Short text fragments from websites

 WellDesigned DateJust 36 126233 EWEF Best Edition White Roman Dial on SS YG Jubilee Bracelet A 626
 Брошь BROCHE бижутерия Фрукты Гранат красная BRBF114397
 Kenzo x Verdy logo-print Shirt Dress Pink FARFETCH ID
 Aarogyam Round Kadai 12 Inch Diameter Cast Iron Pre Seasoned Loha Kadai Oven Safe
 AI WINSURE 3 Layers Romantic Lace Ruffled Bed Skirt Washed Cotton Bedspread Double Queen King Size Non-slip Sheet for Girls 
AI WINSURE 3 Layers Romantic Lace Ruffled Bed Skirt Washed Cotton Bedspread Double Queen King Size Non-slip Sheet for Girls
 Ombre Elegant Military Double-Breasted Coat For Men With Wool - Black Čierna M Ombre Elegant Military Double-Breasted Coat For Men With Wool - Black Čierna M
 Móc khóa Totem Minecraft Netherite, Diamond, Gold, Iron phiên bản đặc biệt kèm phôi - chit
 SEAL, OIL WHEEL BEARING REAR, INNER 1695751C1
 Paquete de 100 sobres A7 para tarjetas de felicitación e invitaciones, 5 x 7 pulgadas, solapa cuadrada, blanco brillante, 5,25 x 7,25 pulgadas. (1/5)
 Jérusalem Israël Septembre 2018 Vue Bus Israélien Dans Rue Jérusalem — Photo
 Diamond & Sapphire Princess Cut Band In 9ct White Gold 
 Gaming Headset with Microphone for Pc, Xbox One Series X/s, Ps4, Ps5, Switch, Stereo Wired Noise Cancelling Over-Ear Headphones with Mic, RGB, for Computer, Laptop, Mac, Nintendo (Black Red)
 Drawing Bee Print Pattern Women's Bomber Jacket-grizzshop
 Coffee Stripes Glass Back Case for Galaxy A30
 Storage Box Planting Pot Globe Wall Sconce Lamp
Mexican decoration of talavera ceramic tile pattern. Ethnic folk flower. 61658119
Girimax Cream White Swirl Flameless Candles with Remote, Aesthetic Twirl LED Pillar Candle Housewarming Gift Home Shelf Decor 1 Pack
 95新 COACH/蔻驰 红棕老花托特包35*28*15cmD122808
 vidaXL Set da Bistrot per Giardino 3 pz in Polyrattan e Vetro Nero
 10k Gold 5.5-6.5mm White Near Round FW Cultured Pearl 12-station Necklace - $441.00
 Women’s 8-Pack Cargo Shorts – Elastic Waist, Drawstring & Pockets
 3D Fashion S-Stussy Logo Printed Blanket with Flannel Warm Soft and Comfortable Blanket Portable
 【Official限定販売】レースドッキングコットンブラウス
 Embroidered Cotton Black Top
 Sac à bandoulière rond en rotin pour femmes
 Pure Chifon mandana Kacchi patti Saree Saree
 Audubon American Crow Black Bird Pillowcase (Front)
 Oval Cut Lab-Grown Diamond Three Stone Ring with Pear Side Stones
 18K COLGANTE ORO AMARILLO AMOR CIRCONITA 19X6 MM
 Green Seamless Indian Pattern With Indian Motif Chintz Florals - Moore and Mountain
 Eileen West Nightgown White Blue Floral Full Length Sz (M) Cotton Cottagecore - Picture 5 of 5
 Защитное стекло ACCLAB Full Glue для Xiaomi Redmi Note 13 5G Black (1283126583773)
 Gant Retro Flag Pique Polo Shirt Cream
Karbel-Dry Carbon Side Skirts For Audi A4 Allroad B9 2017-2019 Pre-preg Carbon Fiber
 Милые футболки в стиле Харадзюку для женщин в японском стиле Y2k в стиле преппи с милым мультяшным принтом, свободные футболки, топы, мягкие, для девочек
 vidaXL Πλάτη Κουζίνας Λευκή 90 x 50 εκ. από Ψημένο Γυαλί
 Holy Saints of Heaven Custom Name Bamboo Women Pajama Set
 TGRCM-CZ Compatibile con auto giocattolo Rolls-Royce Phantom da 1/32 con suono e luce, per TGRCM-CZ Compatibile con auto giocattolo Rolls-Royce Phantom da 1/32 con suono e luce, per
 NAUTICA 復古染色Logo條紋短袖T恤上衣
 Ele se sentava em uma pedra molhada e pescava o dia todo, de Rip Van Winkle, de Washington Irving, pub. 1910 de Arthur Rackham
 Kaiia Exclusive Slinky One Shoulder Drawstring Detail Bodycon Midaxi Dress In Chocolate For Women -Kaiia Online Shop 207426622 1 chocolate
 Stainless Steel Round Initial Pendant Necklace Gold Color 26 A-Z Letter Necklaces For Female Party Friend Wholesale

--- WHAT YOU SHOULD DO ---
Leave out every line above except those from the line with "SEAL, OIL WHEEL" up to and including the line with "Women’s 8-Pack Cargo", and copy those exactly.

--- PROBLEM SOLUTION ---
 SEAL, OIL WHEEL BEARING REAR, INNER 1695751C1
 Paquete de 100 sobres A7 para tarjetas de felicitación e invitaciones, 5 x 7 pulgadas, solapa cuadrada, blanco brillante, 5,25 x 7,25 pulgadas. (1/5)
 Jérusalem Israël Septembre 2018 Vue Bus Israélien Dans Rue Jérusalem — Photo
 Diamond & Sapphire Princess Cut Band In 9ct White Gold 
 Gaming Headset with Microphone for Pc, Xbox One Series X/s, Ps4, Ps5, Switch, Stereo Wired Noise Cancelling Over-Ear Headphones with Mic, RGB, for Computer, Laptop, Mac, Nintendo (Black Red)
 Drawing Bee Print Pattern Women's Bomber Jacket-grizzshop
 Coffee Stripes Glass Back Case for Galaxy A30
 Storage Box Planting Pot Globe Wall Sconce Lamp
Mexican decoration of talavera ceramic tile pattern. Ethnic folk flower. 61658119
Girimax Cream White Swirl Flameless Candles with Remote, Aesthetic Twirl LED Pillar Candle Housewarming Gift Home Shelf Decor 1 Pack
 95新 COACH/蔻驰 红棕老花托特包35*28*15cmD122808
 vidaXL Set da Bistrot per Giardino 3 pz in Polyrattan e Vetro Nero
 10k Gold 5.5-6.5mm White Near Round FW Cultured Pearl 12-station Necklace - $441.00
 Women’s 8-Pack Cargo Shorts – Elastic Waist, Drawstring & Pockets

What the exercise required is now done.